↓

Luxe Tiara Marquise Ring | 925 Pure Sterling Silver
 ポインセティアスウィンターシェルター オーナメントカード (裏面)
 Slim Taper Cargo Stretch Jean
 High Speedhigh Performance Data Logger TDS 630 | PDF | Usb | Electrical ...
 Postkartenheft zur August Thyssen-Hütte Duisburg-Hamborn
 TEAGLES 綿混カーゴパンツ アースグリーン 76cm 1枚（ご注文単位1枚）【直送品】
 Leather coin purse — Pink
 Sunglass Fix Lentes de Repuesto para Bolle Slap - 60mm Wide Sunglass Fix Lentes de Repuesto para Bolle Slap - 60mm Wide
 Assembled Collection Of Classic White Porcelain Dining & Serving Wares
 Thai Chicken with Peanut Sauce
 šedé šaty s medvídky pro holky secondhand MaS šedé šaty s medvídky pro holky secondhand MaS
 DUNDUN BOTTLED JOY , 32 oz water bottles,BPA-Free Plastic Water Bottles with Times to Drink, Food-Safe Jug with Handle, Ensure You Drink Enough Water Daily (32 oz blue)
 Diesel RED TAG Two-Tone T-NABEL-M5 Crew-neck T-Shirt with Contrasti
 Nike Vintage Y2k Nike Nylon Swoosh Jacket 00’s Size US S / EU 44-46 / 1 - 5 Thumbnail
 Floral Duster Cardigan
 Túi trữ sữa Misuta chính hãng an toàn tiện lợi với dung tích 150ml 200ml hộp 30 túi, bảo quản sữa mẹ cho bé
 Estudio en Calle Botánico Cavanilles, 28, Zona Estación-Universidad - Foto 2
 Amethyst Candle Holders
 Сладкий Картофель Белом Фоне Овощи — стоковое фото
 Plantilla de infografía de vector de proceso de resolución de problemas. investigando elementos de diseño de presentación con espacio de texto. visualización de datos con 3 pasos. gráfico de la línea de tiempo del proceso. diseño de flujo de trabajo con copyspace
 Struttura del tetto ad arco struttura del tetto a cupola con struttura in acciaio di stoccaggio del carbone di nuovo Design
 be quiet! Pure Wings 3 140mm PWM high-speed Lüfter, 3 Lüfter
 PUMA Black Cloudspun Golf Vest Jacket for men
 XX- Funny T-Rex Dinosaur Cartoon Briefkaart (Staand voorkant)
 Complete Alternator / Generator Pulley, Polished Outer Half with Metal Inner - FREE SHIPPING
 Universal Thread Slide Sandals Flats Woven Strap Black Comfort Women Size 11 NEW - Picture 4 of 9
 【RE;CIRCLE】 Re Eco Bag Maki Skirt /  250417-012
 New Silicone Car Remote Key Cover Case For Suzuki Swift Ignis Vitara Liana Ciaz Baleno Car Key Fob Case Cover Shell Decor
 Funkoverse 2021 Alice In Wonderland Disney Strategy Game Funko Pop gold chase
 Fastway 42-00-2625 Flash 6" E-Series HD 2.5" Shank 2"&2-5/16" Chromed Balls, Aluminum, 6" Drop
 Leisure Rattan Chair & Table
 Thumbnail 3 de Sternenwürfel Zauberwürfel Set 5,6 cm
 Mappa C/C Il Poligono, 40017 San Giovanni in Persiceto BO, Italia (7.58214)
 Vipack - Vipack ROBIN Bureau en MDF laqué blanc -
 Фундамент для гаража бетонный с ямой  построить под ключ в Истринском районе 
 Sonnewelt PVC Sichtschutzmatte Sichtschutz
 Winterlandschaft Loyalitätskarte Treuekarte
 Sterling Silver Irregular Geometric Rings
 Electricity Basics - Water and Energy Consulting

↑

EXERCISE DESCRIPTION » The lines to copy run from the start of the records above through the line holding "TEAGLES 綿混カーゴパンツ アースグリーン"; give them exactly, both ends included, and nothing else.

REPLY TO THE EXERCISE »
Luxe Tiara Marquise Ring | 925 Pure Sterling Silver
 ポインセティアスウィンターシェルター オーナメントカード (裏面)
 Slim Taper Cargo Stretch Jean
 High Speedhigh Performance Data Logger TDS 630 | PDF | Usb | Electrical ...
 Postkartenheft zur August Thyssen-Hütte Duisburg-Hamborn
 TEAGLES 綿混カーゴパンツ アースグリーン 76cm 1枚（ご注文単位1枚）【直送品】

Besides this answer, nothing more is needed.